Harcama ve Harcanma derken abla?
Harcadık, harcandık, diss’leştik ve size her kafadan bir tavsiye getirdik.
Sevgili 20’likler, ta ta ta ta, buranın big sister’ları Merve & Irmak karşınızda! Desem de inanmayın, Merve hasta oldu. Ben de gecenin bir yarısı bu satırları yazıyorum. Bu saate kadar ne yaptığımı ne siz sorun, ne ben söyleyeyim. Vazgeçtim, söyleyeceğim. 26 yaşında başladığım tez çalışmalarımı 4,5 sene sonra bir araya getirmeye çalışmanın verdiği dayanılmaz ağırlıkla baş ediyordum. O esnada yıllar gözümün önünden bir film şeridi gibi geçmeye başladı ve o kadar dalmışım ki sırtımdan gelen katır kutur sesle ayıldım. “Kalk süpermen, daha editörlük yapıcan” diyordu sanki sırtımdaki kulunçlar.
Benim belim malum, peki Merve’nin nesi var? Bir çeşit mikroorganizma saldırısına uğramış herhalde. 20’lerindeki gibi içip s*çarak kendini harcarken değil tabii. Okuma kulübünden birinden kaptı belki de. “20’ler kendini harcıyor muymuş ki” dedirttiysem eğer size, pekâlâ doğru yerdesiniz. Bu hafta “20’lerde harcıyor muyuz, harcanıyor muyuz; velev ki öyle, doğrusu bu mu?” diye soruyoruz. Ortak bir cevap bulamadık, o yüzden bence siz okuyup karar verin. Gerçi, bir süredir her an herkes kolayca harcanmıyor mu buralarda?
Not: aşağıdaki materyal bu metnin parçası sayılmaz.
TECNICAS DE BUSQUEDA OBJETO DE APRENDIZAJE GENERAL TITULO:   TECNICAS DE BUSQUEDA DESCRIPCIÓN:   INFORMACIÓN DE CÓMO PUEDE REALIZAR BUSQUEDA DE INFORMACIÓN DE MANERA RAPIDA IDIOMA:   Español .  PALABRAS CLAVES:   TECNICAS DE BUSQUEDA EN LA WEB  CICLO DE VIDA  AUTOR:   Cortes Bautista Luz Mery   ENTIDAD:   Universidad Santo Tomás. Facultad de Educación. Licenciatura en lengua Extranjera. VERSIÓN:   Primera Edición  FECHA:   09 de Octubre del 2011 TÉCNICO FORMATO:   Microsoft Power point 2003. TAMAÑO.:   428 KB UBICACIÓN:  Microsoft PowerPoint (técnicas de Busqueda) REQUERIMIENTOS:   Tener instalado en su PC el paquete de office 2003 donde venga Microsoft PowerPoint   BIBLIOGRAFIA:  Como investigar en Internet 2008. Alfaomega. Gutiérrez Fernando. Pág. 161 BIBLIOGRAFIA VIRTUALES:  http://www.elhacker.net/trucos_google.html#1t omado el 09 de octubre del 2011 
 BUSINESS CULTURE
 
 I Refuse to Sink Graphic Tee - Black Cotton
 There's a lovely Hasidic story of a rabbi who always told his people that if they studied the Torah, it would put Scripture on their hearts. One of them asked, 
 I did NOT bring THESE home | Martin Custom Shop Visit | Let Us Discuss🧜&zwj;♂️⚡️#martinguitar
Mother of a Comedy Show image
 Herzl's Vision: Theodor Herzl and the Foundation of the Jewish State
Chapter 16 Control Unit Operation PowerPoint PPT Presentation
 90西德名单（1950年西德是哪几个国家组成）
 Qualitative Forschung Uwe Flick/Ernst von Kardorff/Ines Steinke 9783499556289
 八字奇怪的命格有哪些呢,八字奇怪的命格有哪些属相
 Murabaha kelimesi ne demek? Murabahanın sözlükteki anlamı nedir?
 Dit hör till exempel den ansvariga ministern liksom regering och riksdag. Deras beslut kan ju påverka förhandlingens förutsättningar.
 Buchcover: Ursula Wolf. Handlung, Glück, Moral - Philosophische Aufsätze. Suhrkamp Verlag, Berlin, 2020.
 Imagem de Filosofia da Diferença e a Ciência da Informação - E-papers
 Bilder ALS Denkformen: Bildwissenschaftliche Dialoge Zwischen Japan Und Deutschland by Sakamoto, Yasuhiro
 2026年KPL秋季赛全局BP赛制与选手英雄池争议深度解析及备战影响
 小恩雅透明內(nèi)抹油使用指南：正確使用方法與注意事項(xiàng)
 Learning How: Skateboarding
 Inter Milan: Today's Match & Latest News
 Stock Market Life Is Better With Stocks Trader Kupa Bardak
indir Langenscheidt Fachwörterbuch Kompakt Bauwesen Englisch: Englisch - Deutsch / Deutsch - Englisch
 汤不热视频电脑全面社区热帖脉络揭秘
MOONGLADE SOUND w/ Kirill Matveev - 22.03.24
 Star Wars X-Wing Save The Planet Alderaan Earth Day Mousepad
Neyse.
Bu hafta nelerimiz var?
⏳ Merve sahneyi 20’leriyle açıp 30’larıyla kapıyor. İyi ki zamanında harcanmışım, diyor.
🔮 Irmak, yani bendeniz, 20’lerimde kendi kendimi harcadığımı fark ediyorum ve size gelecekten mesajlar getiriyorum.
👹 Gözde yeni nesil bir başka mı, diye sorarak Merve ve bana diss atıyor.
⚖️ Kardelen ise tam ortada; 20’lerin toyluğunu harcama rehberi sunacak kadar büyük ama 30 hiç değil.
Hadi şimdi tutunun pelerinime, uçacağız…
Irmak (Merve’nin de selamı var)
20’ler: Harca Harca Bitmez
Bir Kurt Cobain değildik ama biz de hızlı yaşadık…
Yazı:
—
Perde açılır.
Sahne 1: 20’lik yazarlar toplantısı
Merve: “20’lerde vaktimi, sabrımı, sağlığımı, paramı harcamışım rahatça. Bunun ne büyük lüks olduğunu şimdi anlıyorum.”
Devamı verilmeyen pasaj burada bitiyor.